No - you're sure. It started only a few weeks into your 25 year sentence. Oh yeah - your sentence. . . for rape. Let's not dwell on that okay? No need. It only brings back the shame. Deep shame. The look on your family's faces. They all know you were found GUILTY, and by implication, full of sin. That prosecutor - what did he call you? A "sadistic predator"? A "dangerous sexual deviant"? You had suspected for a long time that something was not quite right. But now you know - there is badness in you.
How did it get there? Maybe it has always been there, buried deep? Or maybe. . . maybe you let it in yourself? Yes. That seems plausible. Your mother and father are upstanding, God-fearing people. Innocent people. You alone have been found "Guilty," and you alone allowed the badness to take root in you.

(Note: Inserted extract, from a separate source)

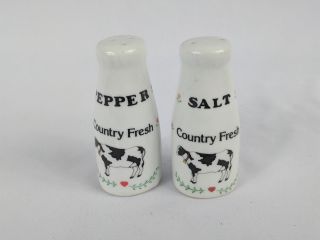 Dairy Cow Country Fresh Salt And Pepper Shakers Floral Heart Black White Farm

What is this doctor saying? Why does she ask about your "feelings" and your crime? The problem is your pain - in your teeth! Although it seems drastic, you would rather have all your teeth removed than go on experiencing this kind of pain. Will you ever be able to forgive yourself? Well, you think your mother has forgiven you, but she would say that anyway. Oh, but you didn't really answer the question did you? The doctor still wants to know. . . will there come a time when you can forgive yourself? This irritates you a bit. Why should that matter? It's so clear - badness is embedded in you. You have, and can still, hurt people. Forgive yourself? What's the point? Plus your teeth are really starting to hurt now.
The doctor says something about "non-forgiveness. . . causing problems to go on and on, sort of like your tooth pain has gone on." And on. The doctor tells you that there's good news and bad news. You know which you want first. So does she.
The bad news is that your pain isn't going to go away all at once. It may take a while, and you may have to live with some amount of pain. The good news... (you just had an intense flash of pain) is that she does have a plan she thinks will lower your pain. And it doesn't require removing any more teeth. You're not completely sold on this, but you're willing to try the medication she recommends. Are you willing to also meet with her and maybe talk? About feeling like a "bad person"? You're more interested in the medication, but you agree anyway.
Mostly because she is taking your pain seriously.
1. Freud S. The Interpretation of Dreams. In: Strachey J, ed. The Standard Edition of the Complete Psychological Works of Sigmund Freud, Volume V. London: The Hogarth Press, 1953; p. 357.